Although The Half of It is not Netflix’s first attempt at coming-of-age love story, which should feel monotonous by now but instead the film feels like a breeze of fresh air. Wu’s take on a queer story about love depicts a multifaceted account which works courtesy to a sense of realism in its characters and narrative progression. With an air of believability and a great ensemble cast, the film makes itself stand out in a long line of cliché flicks.
Ellie Chu (Leah Lewis) is a Chinese-American high school student living a routine life in the small town of Squahamish with her father, who works as a station master. Apart from helping him on a day-to-day basis, she is an A+ student who writes essays for most of her classmates for money. Chu is a simple, quiet girl who goes by remaining unacknowledged and occupies a background position in the world around her. Chu is chased by an inarticulate but kind-hearted jock Paul Munsky (Daniel Diemer), who has a crush on Aster Flores (Alexxis Lemire), the popular and pretty but modest girl of the school. Munsky asks Chu to write a letter from him to Flores to impress her. The supposed one letter turns into one in the line of many, through which the feelings and lives of Chu, Munsky and Flores get entangled in a complex web of friendship, love and self-discovery as they get to know each other.
The film, instead of centring upon cliché love-tropes, celebrates sincere friendship with happy, intricate and heartbreaking moments.
The film works because it inculcates within itself a multitude of topics, often central to the lives of real people in real-time. Through Chu and her father, the film addresses the concerns raised in the livelihoods of migrant communities in America or broadly, English-speaking countries. Just like Chu’s father, who never got an Engineering job despite having a PhD, the film explores linguistic and racial politics which become a roadblock in the lives of numerous migrant inhabitants all over the world and especially, people of colour.

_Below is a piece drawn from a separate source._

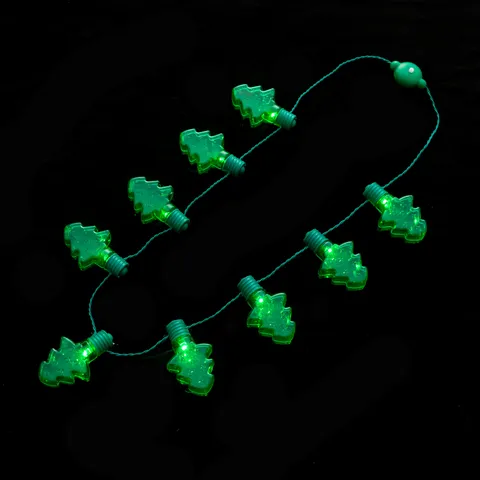 9 LED Christmas Tree Glowing Necklace Party Decoration Lights String Holiday Atmosphere Pendant Light Necklace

Furthermore, through Chu and Flores, the film further portrays how LGBTQ+ stories can assume a quality beyond the trope of coming out and, discuss how defining and accepting one’s sexual identity is a more elaborate and complex process than otherwise represented. Additionally, the film instead of centring upon the cliché love-trope celebrates sincere friendship with happy, intricate and heartbreaking moments. Narratively, the film outlines its love for Greek philosophies by examining the idea of soulmates and exploring love in its various forms of eros (romantic love), storge (familial love), philia (platonic love) and philautia (self-love).
The brilliance direction of Wu triumphs throughout the film because it inculcates a multitude of fragments within its narrative whole, keeping the story reliable and genuine. Moreover, the film gives equal story space to its every piece, never compromising one over another. Leah Lewis (The Good Doctor, Nancy Drew) is the heart of the film, embodying the plain, vulnerable and tender aspect of a teenage girl who remains steadfast in every situation and takes care of everyone around her. Daniel Diemer (The Man in High Castle, Sacred Lies) personifies the innocence of friendships, which accept someone as they are and for who they are, even if that means being loved differently than expected. The authenticity of the actors shines in their portrayal of visibly complex characters but moreover, it is their chemistry with each other which enthrals the audience. Overall, with its sincerity and warmth, the film embraces a subtle progressive attitude by representing a coming-of-age queer story with its rightful twists and turns.